> _TASK INSTRUCTIONS_
The result should be the lines from the one holding "ullahau jacket frilufts" to the final line of the records, retyped exactly.

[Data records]
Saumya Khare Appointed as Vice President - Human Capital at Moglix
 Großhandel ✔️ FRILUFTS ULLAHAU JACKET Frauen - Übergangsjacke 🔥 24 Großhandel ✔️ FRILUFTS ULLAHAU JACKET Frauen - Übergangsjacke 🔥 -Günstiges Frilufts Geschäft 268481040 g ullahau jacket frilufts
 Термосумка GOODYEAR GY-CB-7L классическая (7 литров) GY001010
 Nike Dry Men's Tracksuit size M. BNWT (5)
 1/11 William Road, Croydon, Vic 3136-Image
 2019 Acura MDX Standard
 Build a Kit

> _SOLUTION TO THIS PROBLEM_
 Großhandel ✔️ FRILUFTS ULLAHAU JACKET Frauen - Übergangsjacke 🔥 24 Großhandel ✔️ FRILUFTS ULLAHAU JACKET Frauen - Übergangsjacke 🔥 -Günstiges Frilufts Geschäft 268481040 g ullahau jacket frilufts
 Термосумка GOODYEAR GY-CB-7L классическая (7 литров) GY001010
 Nike Dry Men's Tracksuit size M. BNWT (5)
 1/11 William Road, Croydon, Vic 3136-Image
 2019 Acura MDX Standard
 Build a Kit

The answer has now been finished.